Warschau/Berlin (taz) – Mindestens 55 Menschen fielen den Überschwemmungen in Südpolen und im Norden Tschechiens bereits zum Opfer. Heute und morgen wird die Flutwelle auch in Breslau erwartet: Gestern brachen Arbeiter einige Deiche oberhalb der Stadt auf, um etwas Wasser abzuleiten und die historische Altstadt vor der ersten Flutwelle zu schützen.
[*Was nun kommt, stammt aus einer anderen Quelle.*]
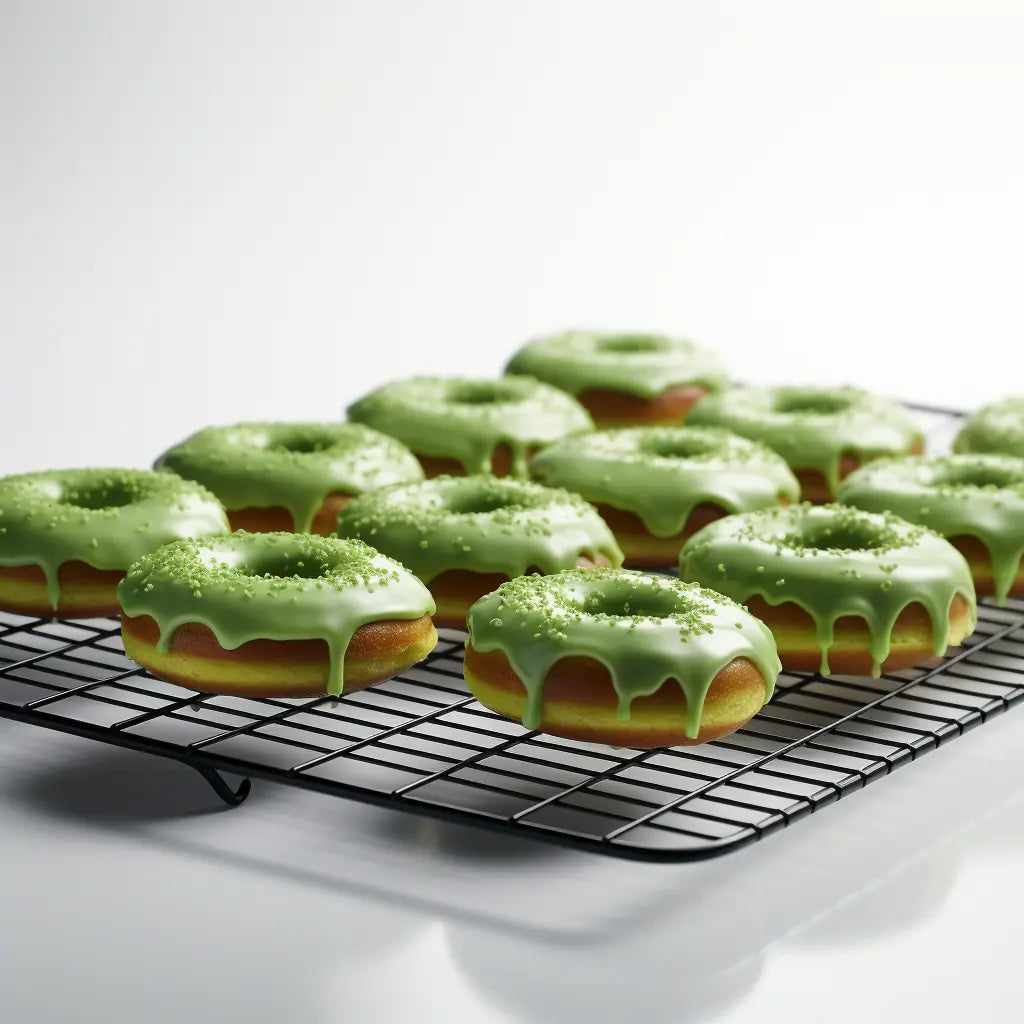 Delightful Donut Recipe: How to make Matcha Donuts TINNIES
In Frankfurt an der Oder werden die Flutwellen ab Donnerstag erwartet – mit einem Pegelstand von fast sechs Metern. „Dann ist noch 1,20 Meter Luft bis zur Deichkante“, sagt Matthias Freude, Präsident des Landesumweltamtes Brandenburg. „Das ist verdammt ernst.“ Am Dienstag werden deshalb Flußauen und Wiesen im Nationalpark Unteres Odertal geflutet. Er erwartet, daß so Überflutungen bewohnter Gebiete verhindert werden können. Hoffnung macht ihm das heiße Sommerwetter, das noch bis Mittwoch anhalten soll: „Da wird eine Menge Wasser verdunsten.“ Ab Donnerstag rechnet der Deutsche Wetterdienst allerdings wieder mit Regen in Brandenburg.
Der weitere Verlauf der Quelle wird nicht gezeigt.